Dernière en date, l'installation cet été de l'agence de publicité BETC dans les anciens Magasins généraux de Pantin. La réhabilitation de ce paquebot de béton brut et de verre posé au bord du canal de l'Ourcq a mis un coup de projecteur sur ce département de petite couronne, plus réputé pour sa criminalité que pour son patrimoine architectural.
Amorcée avec le premier choc pétrolier, la désindustrialisation a libéré dans l'ancienne ceinture rouge de vastes friches, longtemps "délaissées, voire dénigrées" ou largement "sous-utilisées", raconte le président PS du Conseil départemental, Stéphane Troussel.
Pour autant, la majorité des bâtiments ont été conservés, contrairement à la banlieue ouest: à Issy-les-Moulineaux (Hauts-de-Seine), où ces friches couvraient 40% du territoire, "il reste en tout et pour tout un portail d'usine et c'est pareil à Boulogne", relève la géographe Marie-Fleur Albecker.

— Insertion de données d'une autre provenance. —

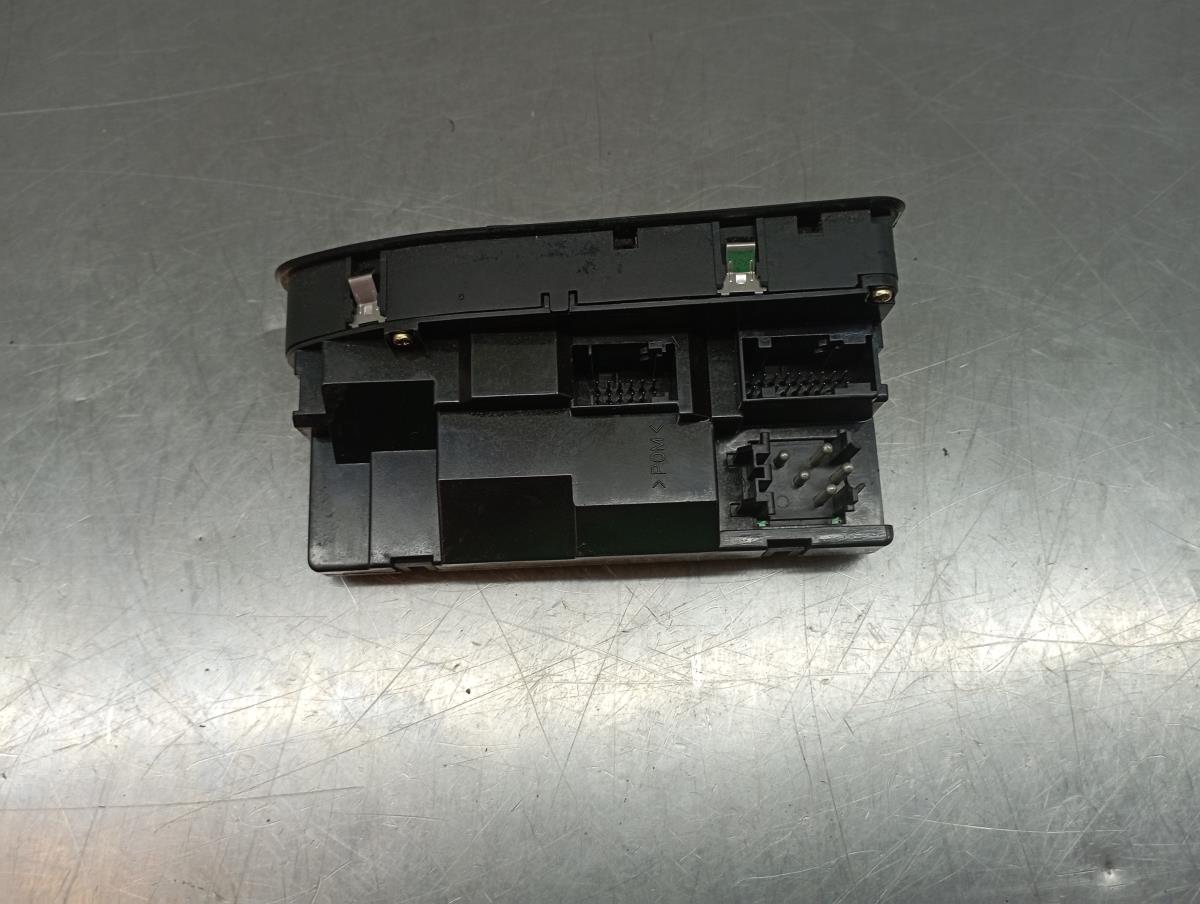 Comando / botão / interruptor vidros frente esquerdo BMW 5 (E39) Imagem-3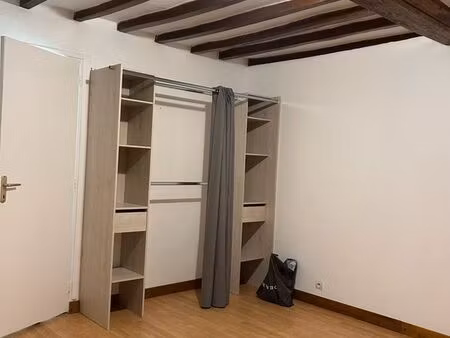 location f2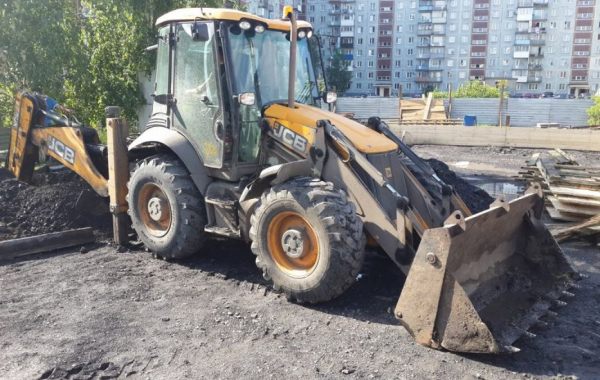 Услуги спецтехники для разравнивания грунта и насыпи - Петрозаводск, цены, предложения специалистов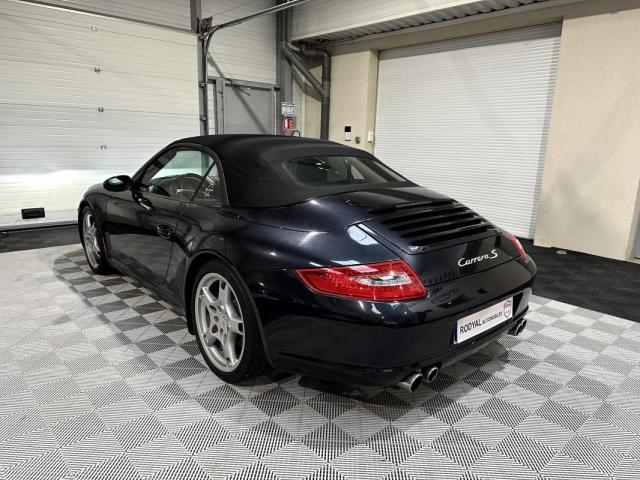 Porsche 911 image 7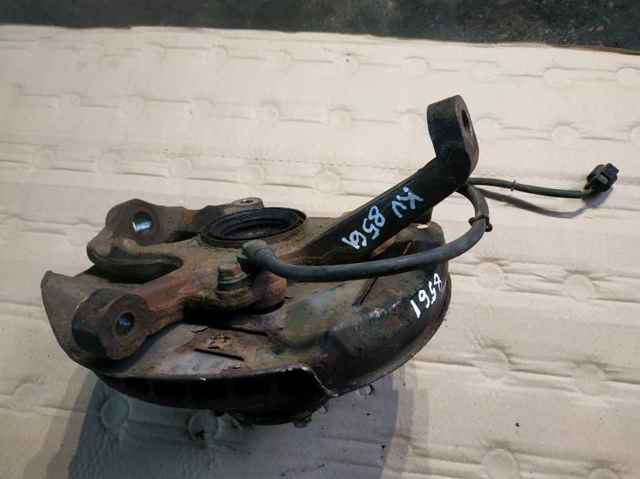 Кулак поворотный передний левый MR113892 MITSUBISHI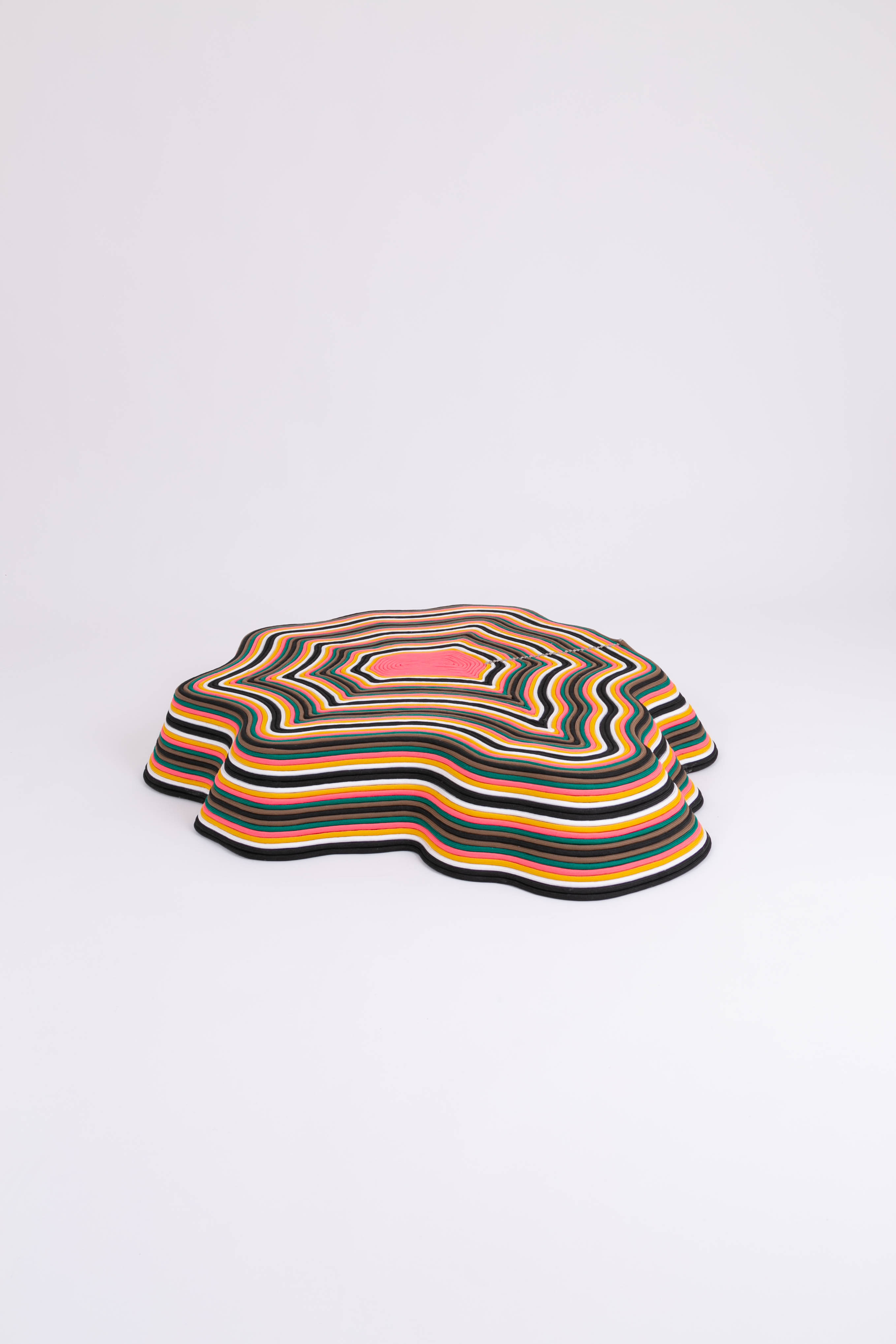 Tronco table in multicolour rope with pink centre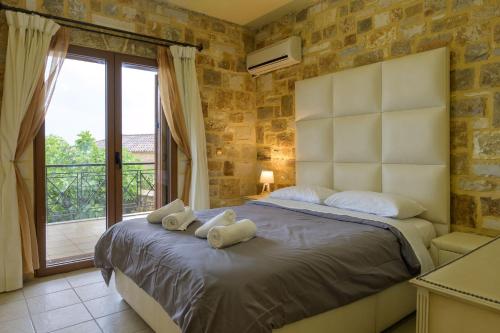 una camera da letto con un letto con asciugamani sopra di Villa-Τo Petrino a Krionérion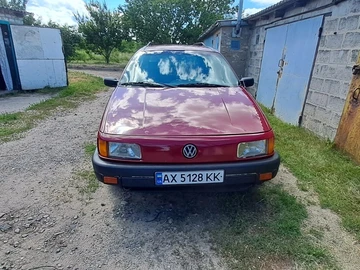 Авто Volkswagen Passat Variant 1991 № 8898583
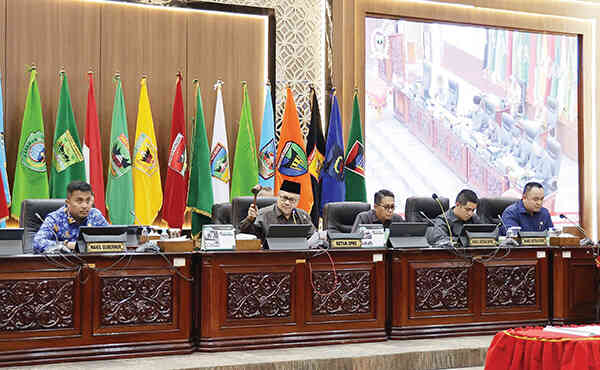 RAPAT PARIPURNA—Ketua DPRD Sumbar, Muhidi didampingi Wakil Ketua Evi Yandri, Iqra Chissa, Nanda Satria dan Wagub Sumbar, Vasko Ruseimy saat rapat paripurna pengambilan keputusan terhadap Ranperda tentang APBD Tahun 2026 menjadi Perda.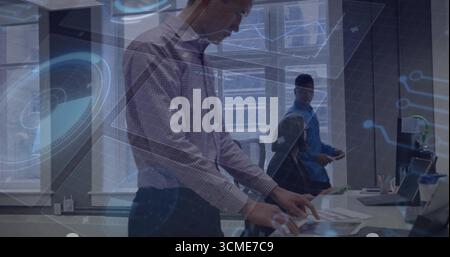 Revisione di una donna matura che organizza documenti stampati a un tavolo bianco in ufficio, con uno smartphone portatile Foto Stock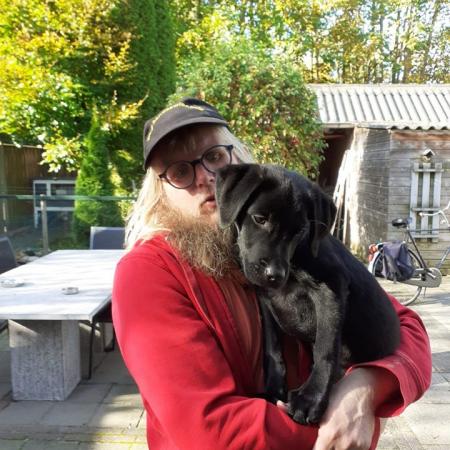 Ik #Marko  #Zwier  Op de #foto  met de #honden  van Mijn woon #begeleiders  van #Aveleijn .De  #hond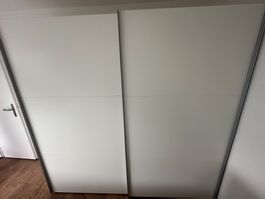 Kleiderschrank mit Schiebetüren weiß Wie neu 7 monate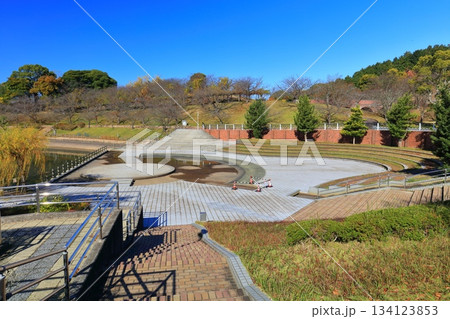 【愛媛県】快晴の藤山健康文化公園の親水広場 【愛媛県】快晴の藤山健康文化公園の親水広場 134123853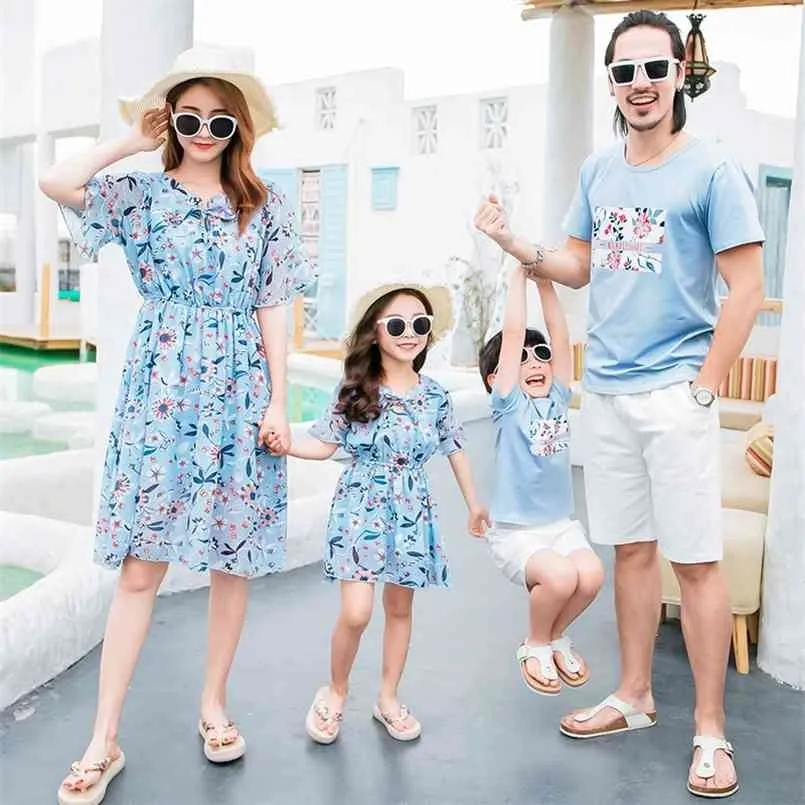 Summer Family Matching Outfits Mother Daughter Dresses Look Dad and Son T-shirt &Shorts Holiday Couple Clothes 210724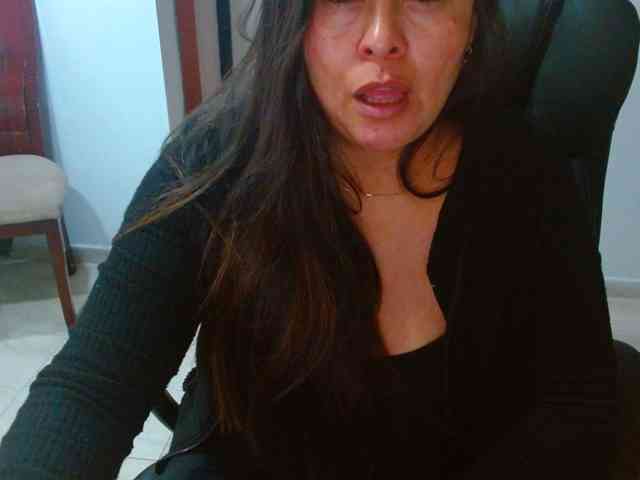 MARILYNWHANCO webcam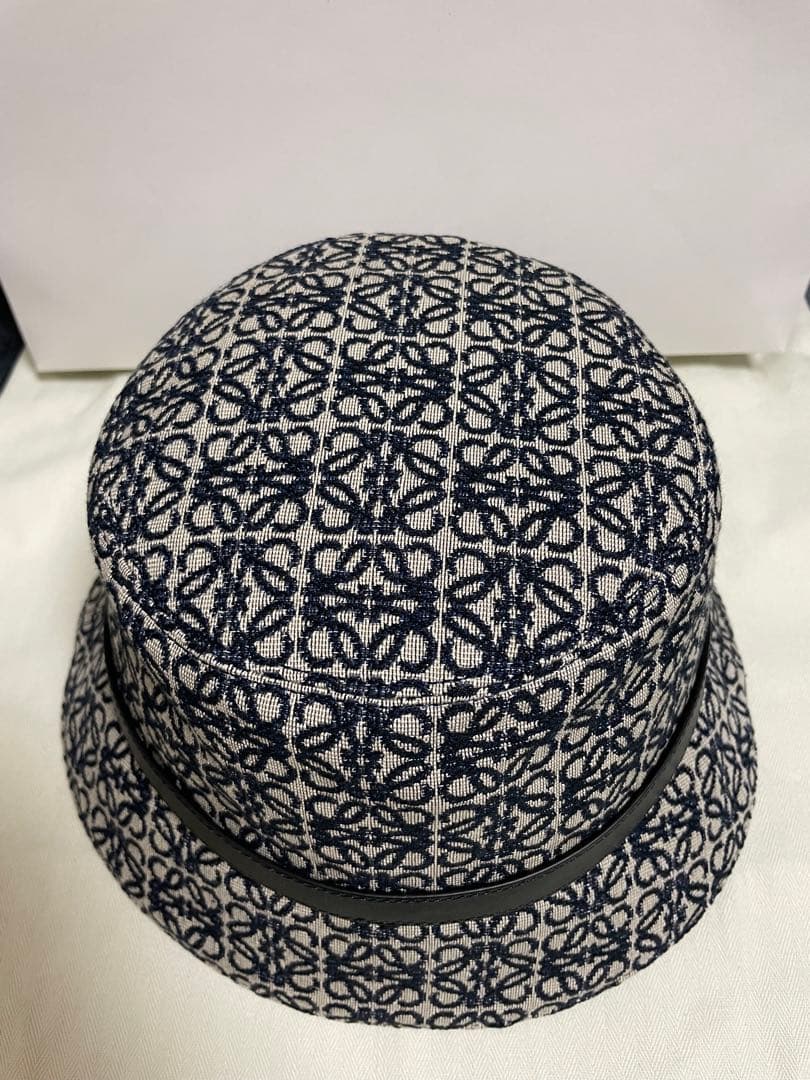 LOEWE バケットハット 幾何学模様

Dans le "9-3", la prise de conscience de la valeur de ce patrimoine industriel date de la Coupe du monde de 1998, quand le Comité du tourisme a cherché "ce qu'il pouvait faire visiter aux délégations dans le secteur du stade de France", et a eu l'idée de mettre en valeur ses usines, explique Daniel Orantin, son directeur.
Si Londres et ses docks ont été pionniers, c'est aussi à cette époque que le regard posé en France sur "ces bâtiments qu'on ne regardait même pas a commencé à changer", selon lui.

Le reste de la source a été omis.